Tuesday, January 26, 2016

OD&D: There Is No Substitute

You can now buy Original Dungeons & Dragons at D&D Classics. Specifically this is the 2013 reissue by Wizards of the Coast, which added new cover art to the OD&D booklets and cleaned up the typesetting (using the same Futura font).

At $10, you get the  three original  booklets in their final 7th printing form. This unfortunately removes the Balrog from the game, but you can find Zach Howard's Balrog Reference Sheet which includes the OD&D monster listing, the relevant rules from Chainmail, and all references to the Balrog that had been removed through the first four books of OD&D. So with that sheet you get back the original and best of the demonic beasts haunting the dungeons.

The rest of the references are just names.

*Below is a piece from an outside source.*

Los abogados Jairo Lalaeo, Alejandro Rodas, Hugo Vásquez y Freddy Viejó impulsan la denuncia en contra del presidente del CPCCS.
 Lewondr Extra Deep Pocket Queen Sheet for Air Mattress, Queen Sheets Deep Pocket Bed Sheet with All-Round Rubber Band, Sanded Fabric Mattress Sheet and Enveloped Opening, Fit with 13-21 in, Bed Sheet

Ents became treants, hobbits became halflings, et cetera. There is no special need for a sheet, just have your players use the correct terms.

If you want a reference for the setting material implied in the booklets, I wrote The Original D&D Setting which is a modestly popular resource. Philotomy's Musings are a set of ponderings that you should read if you want to run OD&D, as they establish a good baseline set of items.

Should you want more monsters, there is a compilation here. I would recommend spending some quality time over at Finarvyn's Original D&D Discussion forum in general as it has lots of ideas for things you can do with OD&D.

There is no substituting for the original booklets. Read them; check out the supplemental material; read them sideways if you have to, but by all means, see what the original game had to say. And play it - for its simplicity as well as its richness.

Follow its procedures for dungeon stocking, and you'll find that the dungeons Gary was looking to create are very different from the ones most gamers are used to. Get into its simple exploration rules and you'll find the heart of how the game is meant to run. Run your encounters with its reaction tables and there's a whole social game that is so easily ignored. Construct combat on its basis and it quickly becomes clear that this is not a game for fair fights (or, unless you ignore morale, a game where every fight is to the death). This is a brilliant game. Enjoy it.

It is lightning in a bottle and while plenty of other games are enjoyable, nothing will ever substitute for the original work that started this hobby.